We recognize that the number of women graduates is still low (currently 145, which equals 22% of the total). The primary school teachers, nurses, and midwives trained by Solidarity, who form part of a bare 10-15% of the qualified workforce in the country, are proving to be role models for girls and women back home in their communities. 

Hunger and Poverty

A model farm has provided livelihoods to the surrounding communities affected by the continuing volatile situation since 2011. The farm and outreach program helped farmers recall their farming skills almost lost through the many years of civil war which left people displaced. This work has increased food security in the region. It has enabled women to improve nutrition practices through maximizing the use of their farm and household resources. 

 

Wellbeing

Faith is an essential element in peoples’ lives that have suffered in a situation of almost continual civil war. Strengthening local church structures and personnel helps to support people’s faith, besides contributes to the rebuilding of social capital in the country. Solidarity has contributed to the formation of more than 1000 pastoral agents with a focus on the training of catechists, animators of Small Christian Communities, and clergy as well as working closely with the Diocesan Pastoral Teams to support them in strengthening their structures and work.

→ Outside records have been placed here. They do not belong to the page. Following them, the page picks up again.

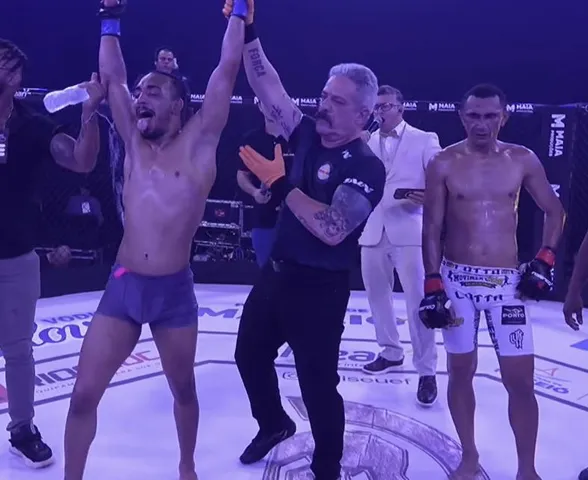 Neto Monstrinho mantém cartel invicto e supera Valmir Silva na primeira luta do Coliseu
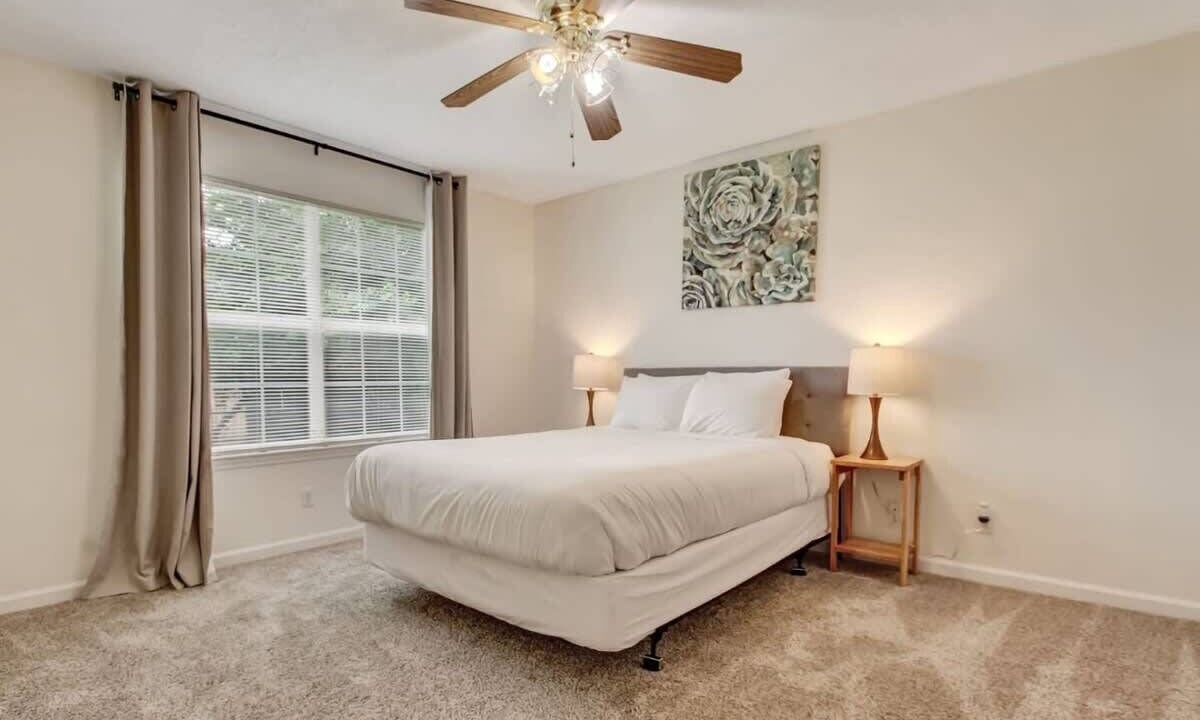 Photo of Bedroom in Savannah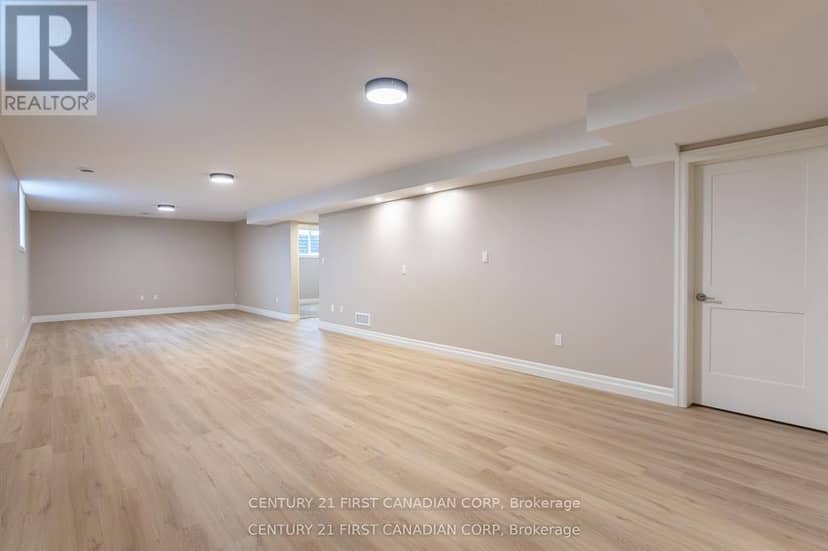 2215 Darwin Crescent — photo 29 of 30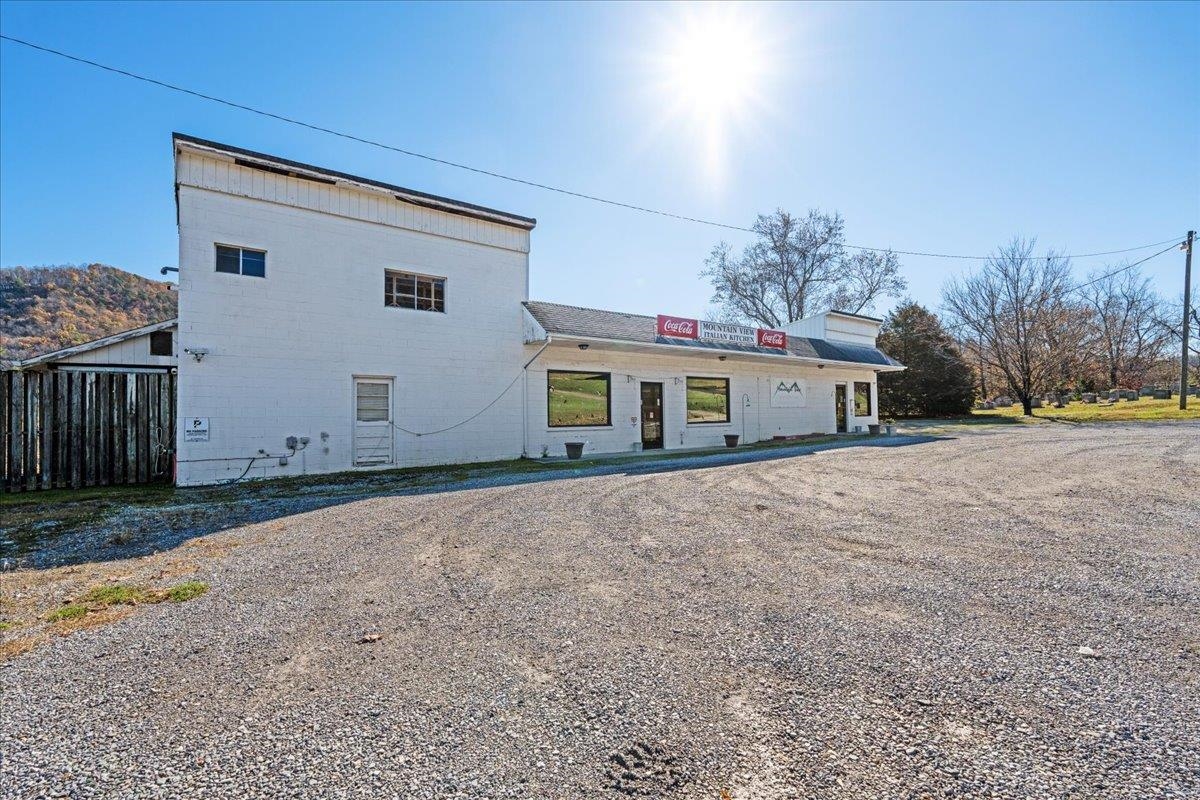 3199 Northfork Road Elliston VA 24087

Trauma Healing has been a strong focus of the pastoral team, offering workshops to more than 1000 pastoral agents and women and men around the country. 

Conclusion

While contributing to the furthering of the SDG17, Solidarity has stayed during the repeated cycles of civil war and ethnic conflict. Besides continuing its core work, it also responded to emergencies by helping thousands of people affected by violence and conflict. Solidarity’s most significant achievement probably in being a symbol of ‘solidarity’, reminding people in South Sudan, that they are not alone and that people from around the world are committed to helping them find a way forward.